The recommendations include:
- Follow the basic safety rules.
- Only one person at a time should be allowed on a trampoline. Approximately 75% of injuries occur when there is more than one person using it. The younger child is more vulnerable to injury.
- All children should be supervised and wear protective clothing.
- Any exposed metalwork or hard plastic should be padded.
- Somersaults and complex manoeuvres should be discouraged or made safer by digging the trampoline into a pit at ground level.
- Padding should be put on the ground or extra circumferential netting added.
Take a few precautions within the home to secure your child's safety.
- Keep furniture and children's beds away from open windows where a very young child could climb out.
- For very young children use firegaurds to prevent them falling onto a fire.
- Teach your children the dangers of playing on stairs. Keep a night light in the hall and close to the stairs. Keep clutter from these areas. Make sure handrails are sturdy.
- Make sure children wear cycle helmets whilst riding bikes.

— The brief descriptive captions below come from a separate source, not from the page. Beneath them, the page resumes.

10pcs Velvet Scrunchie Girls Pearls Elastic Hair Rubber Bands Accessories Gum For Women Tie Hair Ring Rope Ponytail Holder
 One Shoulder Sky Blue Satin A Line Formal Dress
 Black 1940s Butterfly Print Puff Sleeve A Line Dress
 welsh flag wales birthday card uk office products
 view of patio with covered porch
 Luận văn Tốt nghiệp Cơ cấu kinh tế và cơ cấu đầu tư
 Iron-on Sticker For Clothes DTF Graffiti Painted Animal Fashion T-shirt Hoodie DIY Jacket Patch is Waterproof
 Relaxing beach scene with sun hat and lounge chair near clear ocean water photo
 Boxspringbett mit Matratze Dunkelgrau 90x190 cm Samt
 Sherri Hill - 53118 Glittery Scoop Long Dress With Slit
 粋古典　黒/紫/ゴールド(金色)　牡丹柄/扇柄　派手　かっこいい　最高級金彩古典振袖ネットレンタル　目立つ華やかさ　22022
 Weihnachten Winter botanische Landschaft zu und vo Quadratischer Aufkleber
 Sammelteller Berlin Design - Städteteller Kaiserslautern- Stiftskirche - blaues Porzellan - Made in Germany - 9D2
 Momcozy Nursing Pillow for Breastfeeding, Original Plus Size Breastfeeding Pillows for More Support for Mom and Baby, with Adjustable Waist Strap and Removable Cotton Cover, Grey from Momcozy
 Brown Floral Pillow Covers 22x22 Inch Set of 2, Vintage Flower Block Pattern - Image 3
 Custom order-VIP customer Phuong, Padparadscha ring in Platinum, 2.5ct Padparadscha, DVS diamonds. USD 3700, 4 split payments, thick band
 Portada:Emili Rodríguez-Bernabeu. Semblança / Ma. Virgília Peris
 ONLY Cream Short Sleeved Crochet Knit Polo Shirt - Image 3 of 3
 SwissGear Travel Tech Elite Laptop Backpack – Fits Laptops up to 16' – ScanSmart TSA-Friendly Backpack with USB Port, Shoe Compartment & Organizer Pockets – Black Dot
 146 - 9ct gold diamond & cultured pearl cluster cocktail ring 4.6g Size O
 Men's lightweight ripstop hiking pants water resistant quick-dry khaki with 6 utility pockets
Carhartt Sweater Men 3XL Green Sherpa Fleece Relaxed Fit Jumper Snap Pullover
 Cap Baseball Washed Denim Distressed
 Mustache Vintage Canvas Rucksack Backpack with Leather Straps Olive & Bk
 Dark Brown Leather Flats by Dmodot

- The use of baby walkers is not widely recommended because they have been found not to encourage walking and very often involve head injuries and falls. Clear evidence now shows that they can hinder the development of your child.
- Young children below the age of six should not be allowed to sleep on bunk beds.
- It is sometimes a good idea to keep furniture in the way of a glass door to avoid a child falling through the glass.
- Children like to climb and may very often fall. Safeguard this by providing soft surfaces, such as bark chippings, sand or grass, for children to climb above. Teach them to avoid the dangers of climbing high up, on roofs and balconies.
- Active play and running around is healthy for a child's development, but increases the possiblity of accidents. Teach them to be aware of rushing through a kitchen of hot pans and ovens.
- Above all, THINK, and be observant.
Safety from Windows
Falls often occur when a child leans out of an open window, often caused by a natural curiosity. It is recommended that no more than five inches space should be left open because that's about the width an average 10 month old could fall through.